• _WHAT THE EXERCISE ASKS_
Return the full listing unchanged, excluding any images it contains.

• _DATA SHOWN_
------------------------

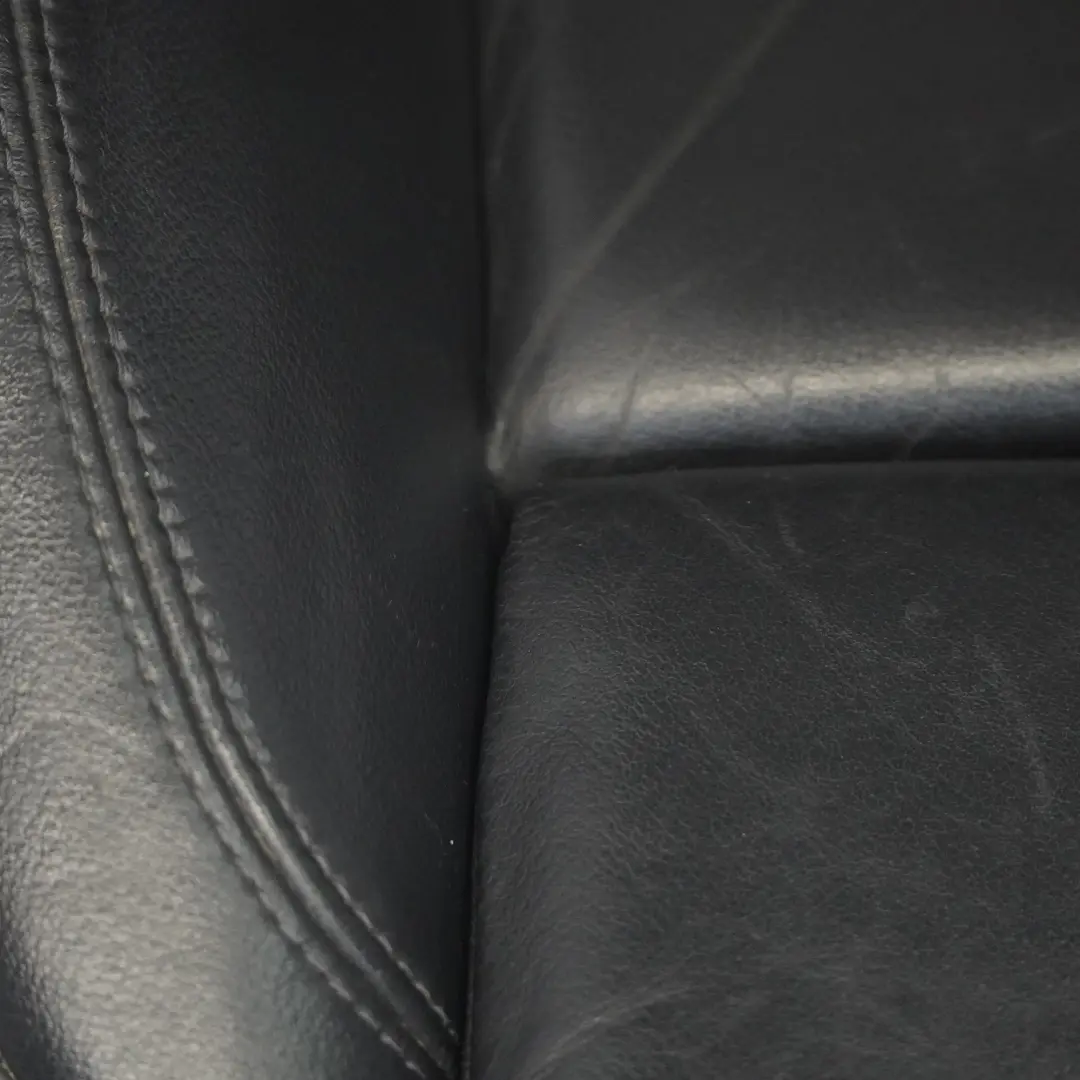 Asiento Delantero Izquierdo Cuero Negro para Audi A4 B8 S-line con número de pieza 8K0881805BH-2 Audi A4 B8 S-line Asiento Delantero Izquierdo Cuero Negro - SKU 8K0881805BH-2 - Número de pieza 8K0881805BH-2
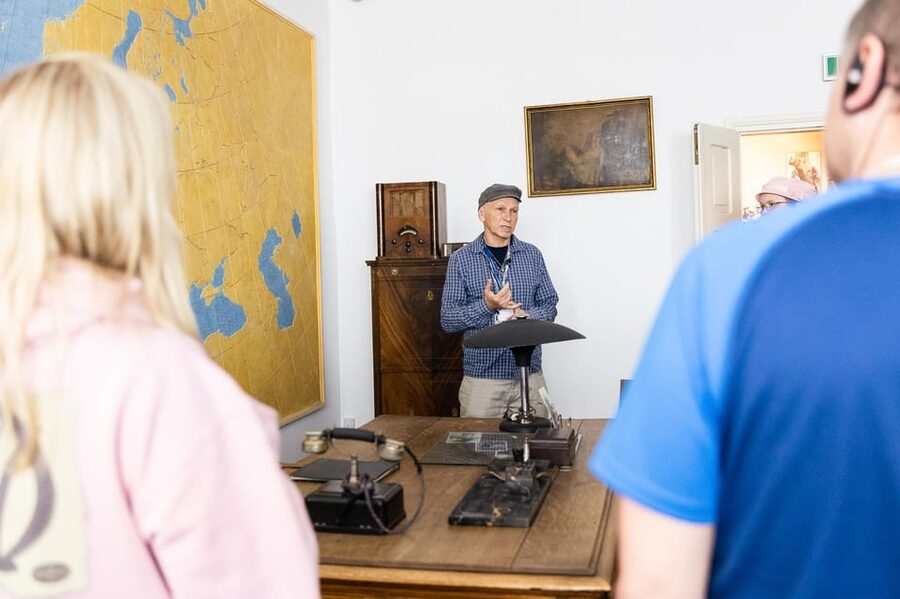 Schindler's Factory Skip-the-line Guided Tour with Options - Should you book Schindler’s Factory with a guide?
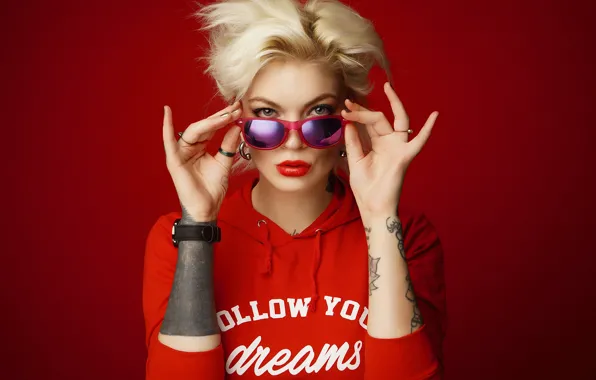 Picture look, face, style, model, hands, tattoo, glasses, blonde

------------------------

• _ANSWER SPACE_
 Asiento Delantero Izquierdo Cuero Negro para Audi A4 B8 S-line con número de pieza 8K0881805BH-2 Audi A4 B8 S-line Asiento Delantero Izquierdo Cuero Negro - SKU 8K0881805BH-2 - Número de pieza 8K0881805BH-2
 Schindler's Factory Skip-the-line Guided Tour with Options - Should you book Schindler’s Factory with a guide?
 Picture look, face, style, model, hands, tattoo, glasses, blonde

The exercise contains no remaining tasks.